Instructions to follow: If pictures appear in the lines below, skip them and copy exactly the lines from the one containing "Breegin End Table Set Breegin End Table Set" through the one containing "ajio.com tommy hilfiger", and nothing else.

Given records:
*** Begin section ***

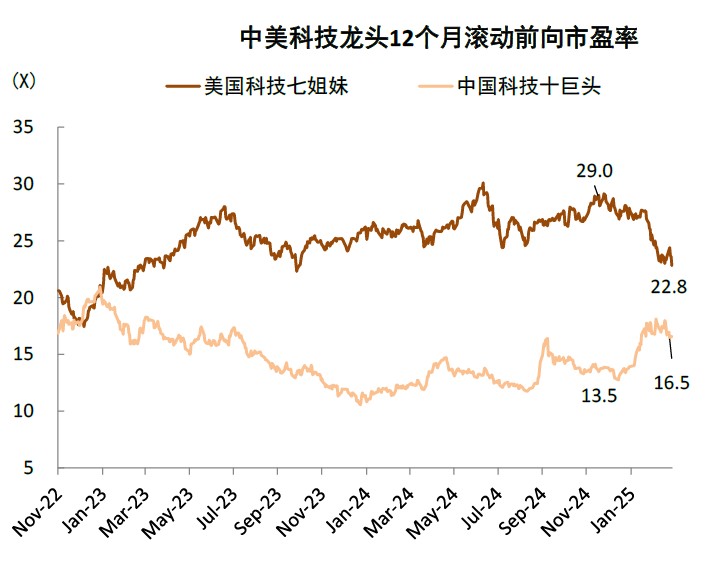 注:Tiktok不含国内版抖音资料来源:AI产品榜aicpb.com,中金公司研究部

*** End section ***
*** Begin section ***

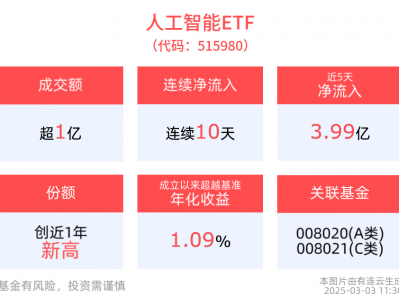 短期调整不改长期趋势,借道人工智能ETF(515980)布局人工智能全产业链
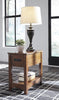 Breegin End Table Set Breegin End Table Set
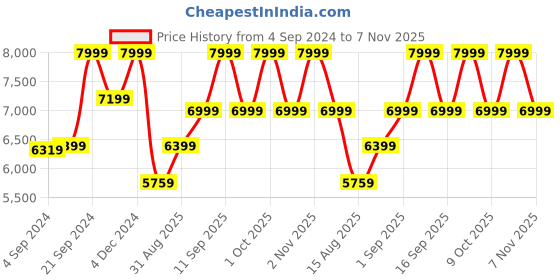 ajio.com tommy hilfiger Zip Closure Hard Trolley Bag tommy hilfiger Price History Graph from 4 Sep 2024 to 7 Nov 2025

*** End section ***

Response for this exercise:
 Breegin End Table Set Breegin End Table Set
 ajio.com tommy hilfiger Zip Closure Hard Trolley Bag tommy hilfiger Price History Graph from 4 Sep 2024 to 7 Nov 2025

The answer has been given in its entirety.